Welcome to http://tldchk.berlios.de

The Problem

Many TLDs allow only a restricted set of Unicode characters for registering Internationalized Domain Names (IDN). These restriction tables are not available at a central place, are somewhat volatile and often have vague copyright notices. GNU Libidn is a standard library for handling IDNs that supports testing for valid characters specified in definition files for each TLD since version 0.4.0. The nature of this library, both as an FSF project and as a reliable IDNA reference implementation, and the volatility of the the allowable character sets results in an incomplete and not necessary up to date set of checking tables being included in the standard distribution.

The Solution

A site for collecting this info at a central location, to make it instantly available for use and contribution (please send me tables for TLDs not yet included here), to solve copyright problems, do version tracking and generally prepare tables for a possible later inclusion in the standard Libidn distribution.

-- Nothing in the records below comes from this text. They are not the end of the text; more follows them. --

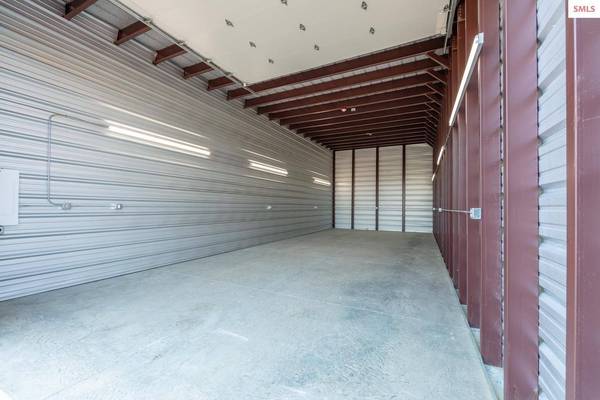 508 W Garwood Rd #423, Rathdrum, ID 83858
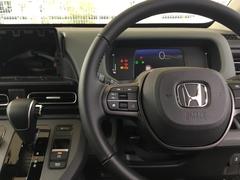 ǥ쥹ʤΤǡߤΥǥƥܤ뤳ȤǤޤκݤϡŹˤǤ 3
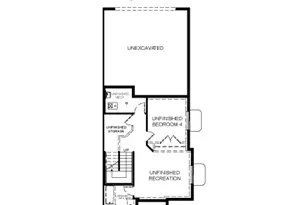 860 N Banner Dr, Saratoga Springs, UT 84045 - Photo 4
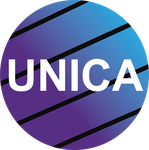 Unica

Get the tables directly from CVS, or download packaged versions, report bugs, read news etc. at the Berlios project page.

Installation HOWTO

  • 1. Get Libidn(>=0.4.0), unpack it to some directory
  • 2. Get the TLD checking tables provided at this site, unpack them into the doc directory of Libidn, so that the *.tld files etc. are placed in directory doc/tld
  • 3. Modify doc/tld/Makefile.am to include the tld-files you want
  • 4. Delete the file lib/tlds.c from Libidn
  • 5. Make sure you have automake 1.9, autoconf 2.59, libtool 1.5, texinfo 4.7
  • 6. Configure and compile as usual, making sure to not disable tld checking support

    If you want to install this patched library on more than one system now, "make dist" will produce a tar.gz archive that contains the updated TLD tables (you might want use --enable-gtk-doc with ./configure for this to work), and that can be installed anywhere in the usual fashion without requiring any manual patching.